There are issues, however, about the AIIB. Here’s an analysis by Sankei Shimbun editorial team member Hideo Tamura.

 

 

 

The true identity of the China-led Asian Infrastructure Investment Bank (AIIB) is the Asian Infrastructure Imitation Bank. Beijing proclaims to surpass the Asian Development Bank (ADB) in terms of members states and regions, but unable to raise or finance dollar funds on its own. It is masquerading as a bank, riding on the back of ADB and World Bank projects.

 

The foreign reserves of China continue to dwindle, and would be exhausted if it stops incurring foreign debt. Having realized the limits of the dollar-oriented AIIB, the Xi Jinping administration is attempting to change the settlement currency for the “One Belt, One Road” Infrastructure Initiative to the Chinese yuan.

 

At the second general meeting of AIIB members on Jeju Island, South Korean companies and others competed to sell state-of-the-art IT infrastructure facilities.
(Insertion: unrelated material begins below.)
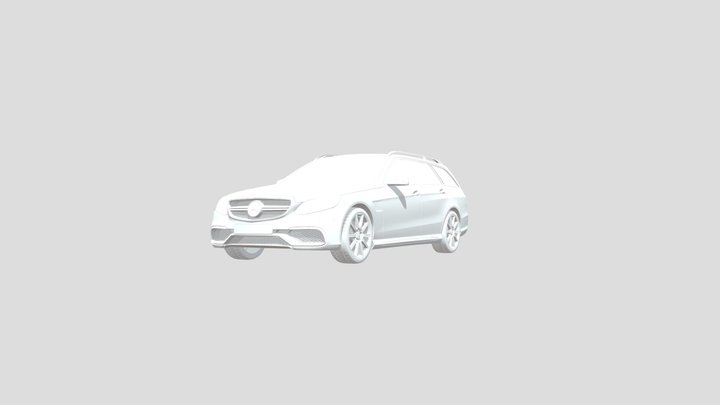 2014 Mercedes-Benz E63 AMG Wagon W212 3D Model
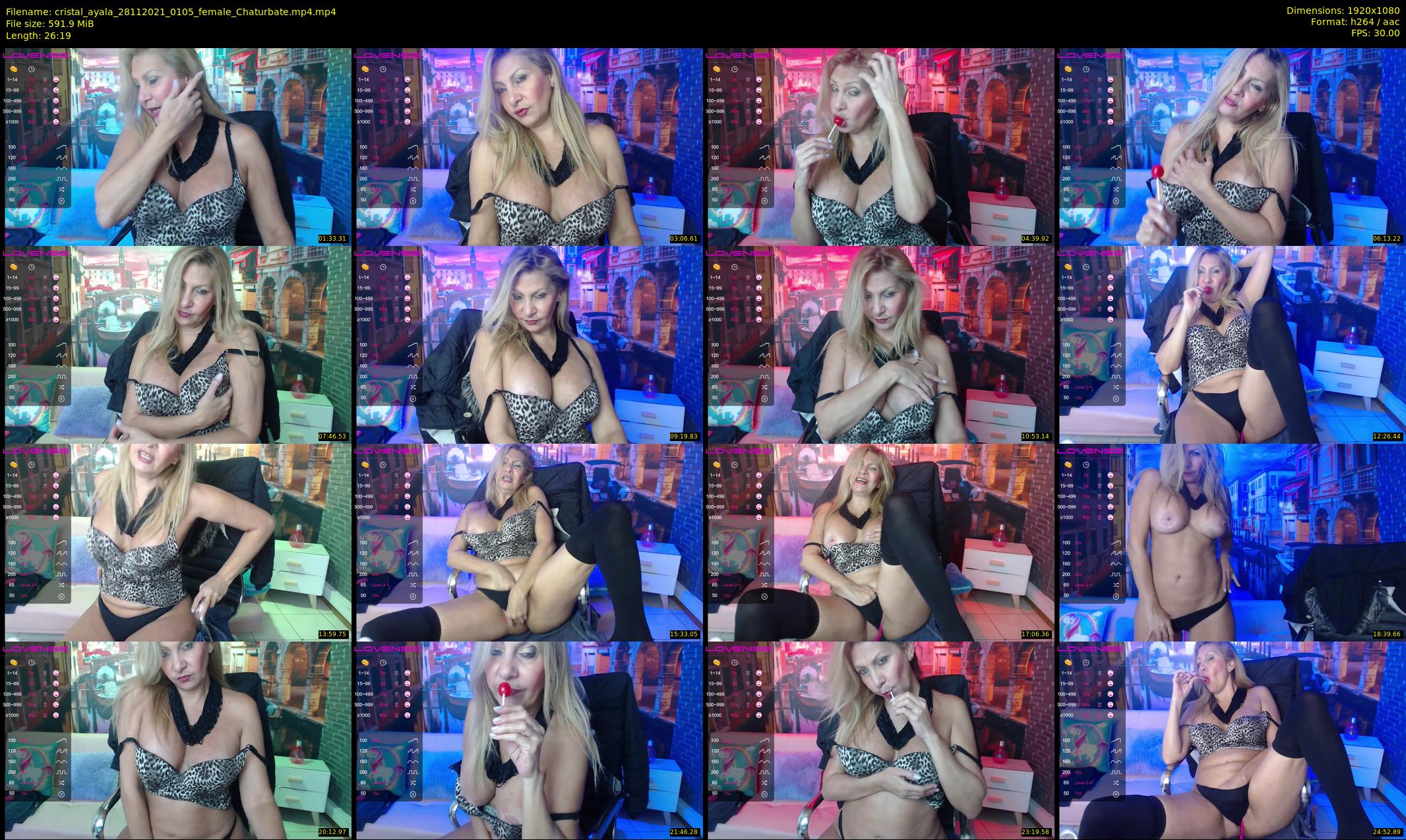 cristal_ayala — 27 minute Chaturbate female cam show recording, 1080p, Nov 28, 2021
However with the AIIB as their target, it was a case of counting their chickens before they hatched. The credit source of AIIB’s dollar-based finance has a balance of 3 trillion in foreign reserves, but that’s only on paper.

 

Foreign investments and loans are a liability for China, however authorities carry out forced buying of foreign currency, combining these with trade surplus to create foreign reserves. This method is different from that of developed countries, such as |Japan, where the majority of foreign currency is held in the private sector.

 

Let’s look at the graph. Foreign reserves have been rapidly decreasing since peaking three years ago. In contrast, debts have been increasing rapidly; by the end of last year, they were more than 1.5 times the foreign reserves. If foreign investors and companies were to withdraw all their funds from China at once, the reserves would likely be exhausted.

 

 

Japan, the world’s largest creditor nation, and the US, the home of the dollar, passed on joining the AIIB, which began operating at the beginning of 2016 using Chinese foreign reserves as show money. Naturally, international financial markets are turning away. Since western credit rating agencies have refuted AIIB’s rating, the AIIB cannot issue dollar-denominated bonds.

 

The AIIB was forced to accept co-financing from the ADB and the World Bank. At the end of May 2017, loan amounts were no more than US$2.1 billion, compared to authorized capital of $100 billion. Fearing unfavorable outcomes, many member states have become reluctant to pay the initially agreed deposits.

 

At the “One Belt, One Road” international symposium held in Beijing last May, President Xi Jinping announced that China would be providing 780 billion yuan (12 trillion yen) for infrastructure development. Due to the yuan’s poor reputation as an international currency, the only companies that are not inconvenienced by this are the Chinese government corporations. As such, South Korean and western companies are likely to be hesitant to accept orders.

 

Debtor nations will be further tied to trade with China in order to ensure yuan repayments. Having given up on the AIIB, the Xi Jinping administration will pressure neighboring countries with Chinese projects for the benefit of Chinese companies.